Start of INFORMATION PROVIDED

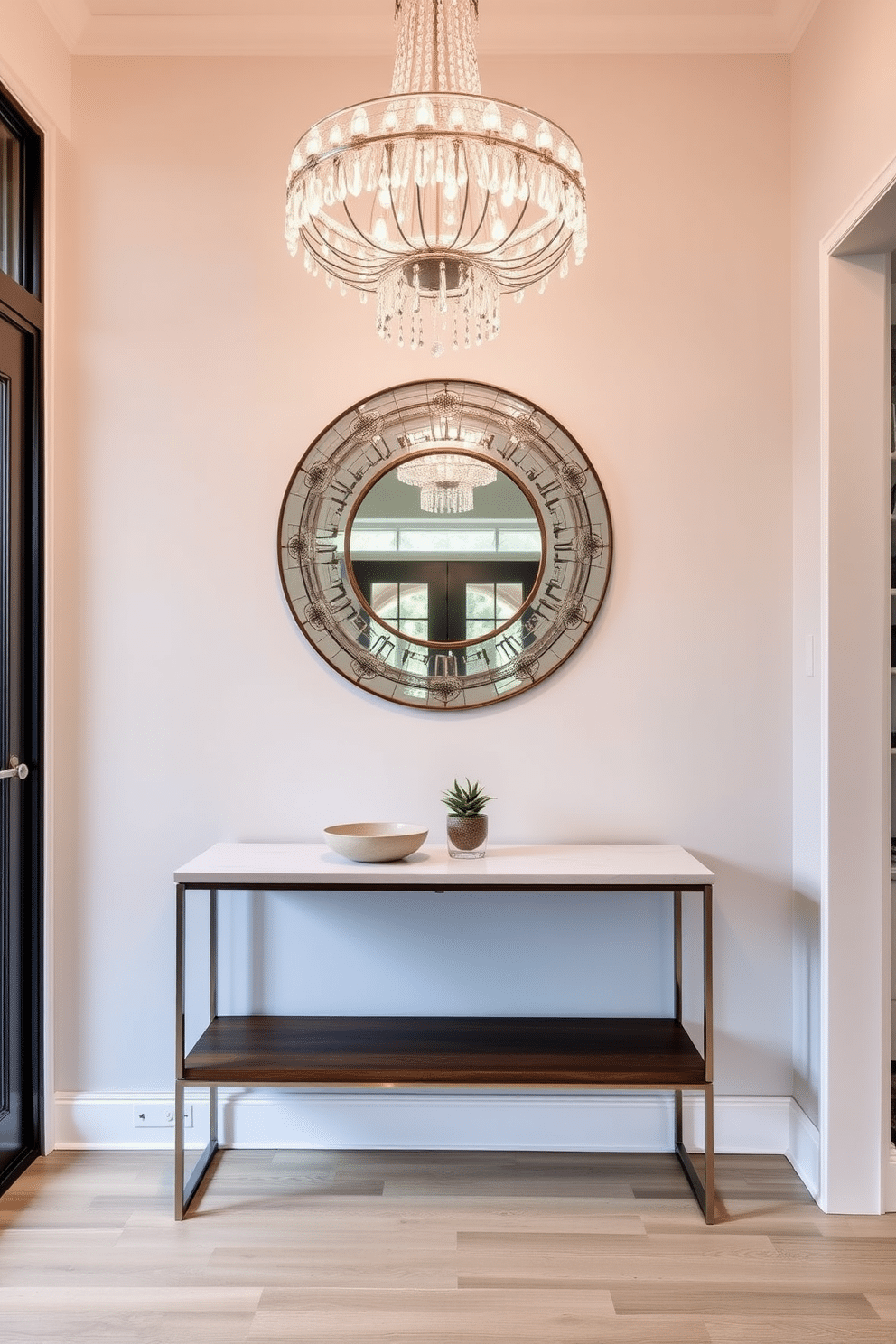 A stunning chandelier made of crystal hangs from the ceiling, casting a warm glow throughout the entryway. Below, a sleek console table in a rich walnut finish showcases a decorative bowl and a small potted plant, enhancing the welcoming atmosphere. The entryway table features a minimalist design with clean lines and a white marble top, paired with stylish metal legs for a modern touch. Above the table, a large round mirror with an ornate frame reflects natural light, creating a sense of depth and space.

End of INFORMATION PROVIDED
Start of INFORMATION PROVIDED

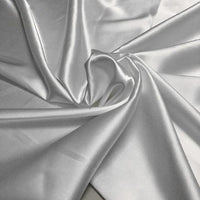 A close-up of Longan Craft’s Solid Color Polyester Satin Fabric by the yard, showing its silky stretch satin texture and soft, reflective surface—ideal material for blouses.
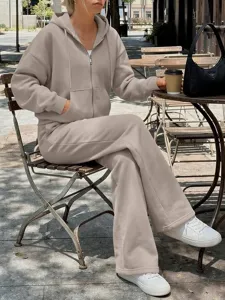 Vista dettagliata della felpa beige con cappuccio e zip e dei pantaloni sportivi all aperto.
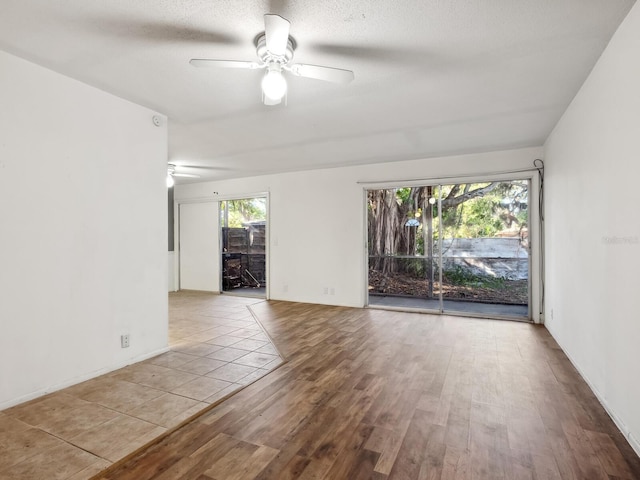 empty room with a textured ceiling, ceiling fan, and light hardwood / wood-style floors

End of INFORMATION PROVIDED
Start of INFORMATION PROVIDED

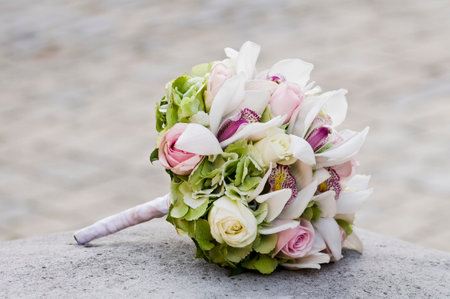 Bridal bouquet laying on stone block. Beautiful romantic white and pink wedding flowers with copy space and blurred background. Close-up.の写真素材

End of INFORMATION PROVIDED

In the entries above, find the line with "A close-up of" and the line with "empty room with". Return exactly those lines and all the ones between them, pictures excluded.

WRITTEN RESPONSE.
 A close-up of Longan Craft’s Solid Color Polyester Satin Fabric by the yard, showing its silky stretch satin texture and soft, reflective surface—ideal material for blouses.
 Vista dettagliata della felpa beige con cappuccio e zip e dei pantaloni sportivi all aperto.
 empty room with a textured ceiling, ceiling fan, and light hardwood / wood-style floors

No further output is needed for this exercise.